Chronic Obstructive Pulmonary Disease
Pre-Clinical
Challenge:
Develop a novel compound as a second-line therapy for COPD and investigate mechanistic rationale for possible efficacy/safety advantage vs. competitor
Approach:
Integrate preclinical & clinical information into a COPD PhysioPD Platform, simulate compounds, compare clinical outcomes and biomarkers
Results:
Showed novel compound efficacy to be inferior to competitor under current understanding of mechanism of action (MOA). Demonstrated that the novel compound’s MOA must include additional effect(s)
Impact:
Identified new MOA hypotheses and client initiated experiments to test hypotheses. Avoided possible risks of advancing compound into clinical development with incomplete MOA understanding
Oncology
Phase 1
Challenge:
Identify optimal dose and dosing schedule for a novel oncology antibody therapy with multiple mechanisms
Approach:
Built Platform to identify sensitive pathways in a growth factor-expressing tumor. Simulated treatment with antibody therapy and evaluated impact of dose and schedule variations on sensitive pathways
Results:
Identified key drivers of therapeutic response. Underlying patient characteristics (effector : target cell ratio) had greater impact than variations in drug dose and schedule
Impact:
Increased confidence in clinical trial design and identified potential biomarkers to guide patient inclusion criteria
Cardiovascular Disease
Phase 2
Challenge:
Select next generation compound with optimal binding properties. Translate in vitro results to in vivo animal and human efficacy to inform program decisions for next generation compound advancement
Approach:
Developed CVD Platform of in vitro and in vivo receptor binding and trafficking. Simulated multiple virtual compounds, varying binding properties, to evaluate efficacy
Results:
Identified optimal properties for next generation compounds. Enabled translation of results in vitro to primate and human paradigms
Impact:
Enabled identification and selection of next generation compounds. Informed decision-making using rigorous quantitative estimates of compound efficacy
Type 2 Diabetes
Phase 3
Challenge:
Drug with poorly characterized MOA showed reductions in A1C and plasma glucose. FDA review indicated a perceived inconsistency between A1C and average plasma glucose changes with no obvious explanation
Approach:
Develop a type 2 diabetes PhysioPD™ Platform including Virtual Patients consistent with client Phase 3 trial data.
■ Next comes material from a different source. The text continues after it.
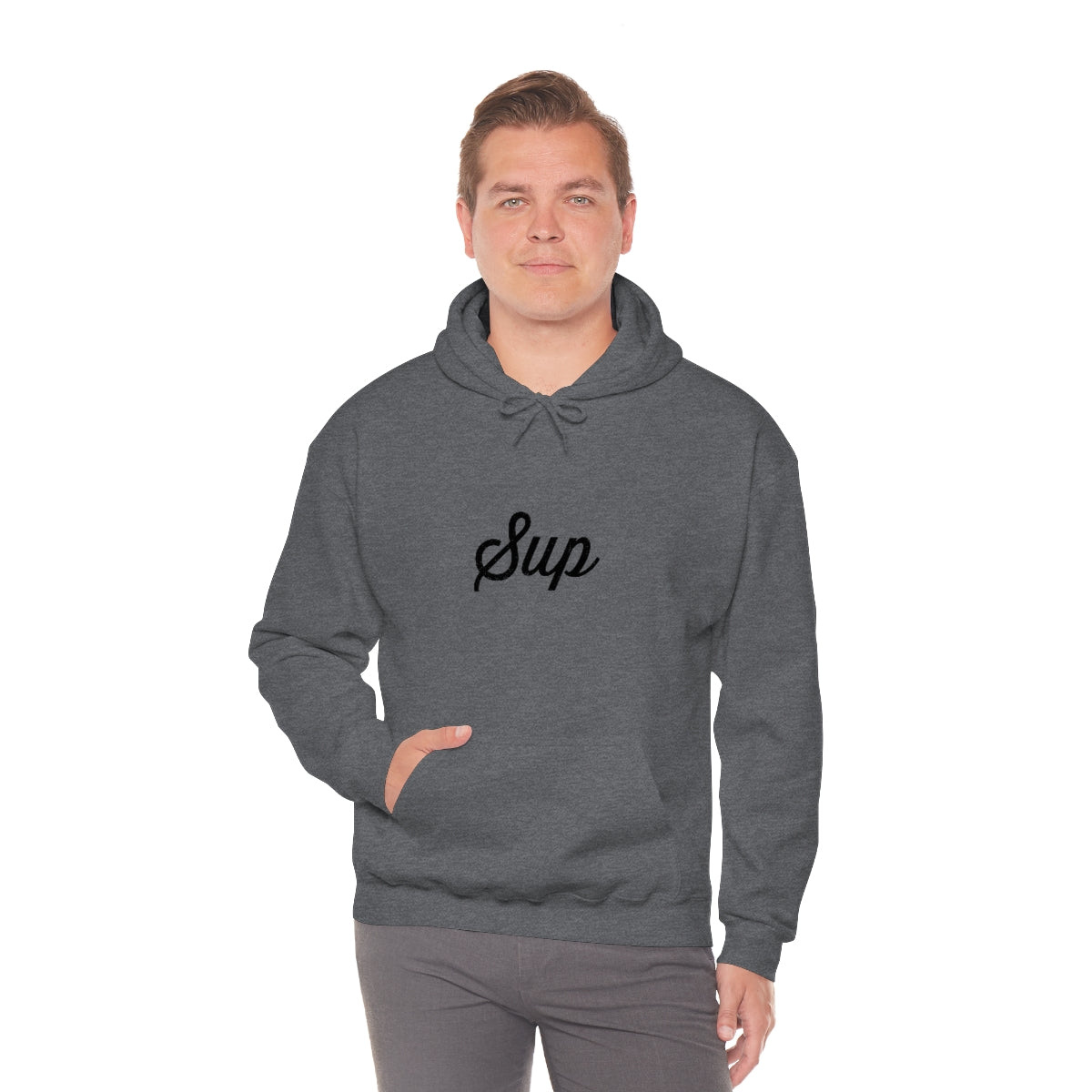 Sup Unisex Heavy Blend™ Hooded Sweatshirt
Generate hypotheses to explain observed relationships between A1C and glucose
Results:
Sampling time of fasting plasma glucose likely contributes to the perceived mismatch between A1C and glucose. Variability in dietary carbohydrate between clinical trial sites may impact observed response
Impact:
Informed client strategy for planned FDA discussions. Recommended strategies for future T2D drug trial design
Oncology
Phase 4
Challenge:
Gain a better understanding of response to current treatments. Guide the selection and development of new treatments
Approach:
Developed a PhysioMap®, capturing pathways involved in disease progression and current Standards of Care (SoC). Created a model framework for simulating treatment with SoC and investigational therapies in Virtual Patients
Results:
Gained insight into key disease-related pathways likely to control patient response and non-response
Impact:
Created a systematic, quantitative methodology to explore new treatments. The PhysioPD Platform can be integrated into the patient-specific Systematic Treatment Methodology.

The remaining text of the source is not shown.